"Unicorn" is a term used in the venture capital industry to describe a privately held startup company with a value of over $1 billion (kaggle.com).
Assume that you have the dataset file (unicorns2021.txt) of the startups having the unicorn status in 2021. Each row (line) of this dataset represents information regarding a specific startup.
There are seven (7) different information in each line, each separated by a semicolon character (';'):
Company: Name of the startup company
Valuation: Valuation of the company in billion dollars ($ sign appears in the beginning of each record)
Date joined: The date at which company started working
Country: Country where the company resides
City: City of origin for the company.
Industry: Industry that the company belongs to
Investors: People who have invested into that company.
How would you find and display the average valuation of the companies that originated from a user-provided city?
Please note that you cannot make any assumptions on the number of lines in the given dataset.
Hint: After splitting the entire line, you can access the city name using line[4]
since it is located in the fourth position, considering that Python uses zero-based indexing.
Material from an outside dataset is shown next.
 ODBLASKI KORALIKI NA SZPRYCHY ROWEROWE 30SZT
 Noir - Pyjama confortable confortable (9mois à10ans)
Similarly, to retrieve the valuation, you use int(line[1][1:])
, which involves converting the second element of the split line to an integer. The notation [1][1:]
is used to extract a portion of the string, excluding the first character.
Pseudo code:
Retrieve a city name from the user, then read the related document named 'unicorns2021.txt.' Initialize temporary variables, 'linecounter' and 'valuation' both set to zero.
Perform a for loop to iterate through all the lines in the document.
Identify lines that contain the specified city name.
Retrieve the valuation values associated with the identified city.
Add each valuation to the cumulative total. Increase 'linecounter' by 1 for each relevant line encountered.
Calculate the average by dividing the total valuation by 'linecounter.'"